Сделайте с этой же целью «Неизвестного матроса» главной фигурой Новороссийской десантной операции. Его облик в памятнике статичен, но экскурсовод может несколькими штрихами показать этого богатыря накануне решающей битвы, передать его внешне спокойную сосредоточенность и накал страстей в душе, волевую собранность и готовность к любому повороту. Не бойтесь рисовать остроконфликтные ситуации, временную растерянность и замешательство, лихорадочные поиски выхода. Победа оплачена дорогой ценой, боевой опыт стоил многих жертв, просчёты и ошибки – крови. Слушатели должны сделать вывод, что война – это гигантский труд, работа мышц и ума. Воспитать патриота можно лишь тогда, когда сам будешь убеждённым патриотом, когда захочешь поделиться наблюдениями и раздумьями. Этого невозможно добиться только на время экскурсии, всякая же фальшь и риторика будут немедленно распознаны аудиторией».

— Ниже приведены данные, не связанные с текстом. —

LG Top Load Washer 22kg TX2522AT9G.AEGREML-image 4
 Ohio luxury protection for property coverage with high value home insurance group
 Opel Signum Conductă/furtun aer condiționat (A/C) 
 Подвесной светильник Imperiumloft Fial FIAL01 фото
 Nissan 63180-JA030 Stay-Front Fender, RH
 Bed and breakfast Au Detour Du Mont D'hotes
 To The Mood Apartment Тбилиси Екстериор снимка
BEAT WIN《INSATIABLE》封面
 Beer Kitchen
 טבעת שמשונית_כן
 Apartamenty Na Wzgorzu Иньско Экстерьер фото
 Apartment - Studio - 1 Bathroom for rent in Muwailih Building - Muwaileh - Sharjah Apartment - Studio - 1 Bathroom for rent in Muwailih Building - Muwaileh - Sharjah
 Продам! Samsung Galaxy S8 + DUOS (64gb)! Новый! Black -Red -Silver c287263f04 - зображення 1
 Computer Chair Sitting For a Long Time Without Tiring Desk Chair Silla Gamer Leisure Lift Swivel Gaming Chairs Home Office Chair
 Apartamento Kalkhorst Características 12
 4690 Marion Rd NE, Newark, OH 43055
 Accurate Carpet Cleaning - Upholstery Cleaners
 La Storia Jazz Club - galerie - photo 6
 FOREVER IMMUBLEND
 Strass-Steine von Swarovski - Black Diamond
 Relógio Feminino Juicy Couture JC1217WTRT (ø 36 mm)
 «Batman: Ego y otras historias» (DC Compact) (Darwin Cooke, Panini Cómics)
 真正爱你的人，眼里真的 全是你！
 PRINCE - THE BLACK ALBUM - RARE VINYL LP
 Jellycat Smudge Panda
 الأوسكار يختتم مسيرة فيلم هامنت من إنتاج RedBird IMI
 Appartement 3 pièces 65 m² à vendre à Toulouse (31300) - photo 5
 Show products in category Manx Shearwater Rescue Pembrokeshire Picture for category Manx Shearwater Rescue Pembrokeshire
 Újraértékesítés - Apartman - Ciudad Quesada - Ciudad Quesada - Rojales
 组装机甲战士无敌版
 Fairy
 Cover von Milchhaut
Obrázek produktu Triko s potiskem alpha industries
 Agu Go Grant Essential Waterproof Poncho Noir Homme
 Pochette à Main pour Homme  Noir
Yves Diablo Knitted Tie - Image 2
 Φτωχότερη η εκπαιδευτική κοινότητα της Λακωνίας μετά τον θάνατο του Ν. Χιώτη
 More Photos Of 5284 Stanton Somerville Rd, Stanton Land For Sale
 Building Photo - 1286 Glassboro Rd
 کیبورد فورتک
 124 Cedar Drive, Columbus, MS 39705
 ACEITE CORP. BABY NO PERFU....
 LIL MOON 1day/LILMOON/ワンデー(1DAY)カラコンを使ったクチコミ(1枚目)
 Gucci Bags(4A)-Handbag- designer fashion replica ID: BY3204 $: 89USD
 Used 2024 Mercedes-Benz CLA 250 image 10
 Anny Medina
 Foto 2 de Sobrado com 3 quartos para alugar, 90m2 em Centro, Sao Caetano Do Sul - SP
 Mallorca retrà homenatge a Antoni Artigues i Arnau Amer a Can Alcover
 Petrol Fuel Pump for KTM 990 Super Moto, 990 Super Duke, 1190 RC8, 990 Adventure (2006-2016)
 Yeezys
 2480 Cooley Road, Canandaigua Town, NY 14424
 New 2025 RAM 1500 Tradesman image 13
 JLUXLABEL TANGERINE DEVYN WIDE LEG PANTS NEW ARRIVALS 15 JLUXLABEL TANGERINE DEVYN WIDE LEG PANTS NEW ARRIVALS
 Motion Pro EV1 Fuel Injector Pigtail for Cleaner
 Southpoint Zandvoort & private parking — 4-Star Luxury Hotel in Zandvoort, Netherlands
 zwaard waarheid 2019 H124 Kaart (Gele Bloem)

В 1972 мне вручили удостоверение «Лучший экскурсовод» – первому в Новороссийске, а через полгода, с дипломом университета, я уехал к матери в Сибирь и открыл ещё одно направление своей жизни. Вскоре после отъезда Новороссийску было присвоено звание города-героя. Я не удивился, услышав радостную весть. После экскурсий меня часто спрашивали: «А почему Новороссийск не город-герой?» И я уверенно отвечал: «Дойдет очередь и до Новороссийска». Дошла.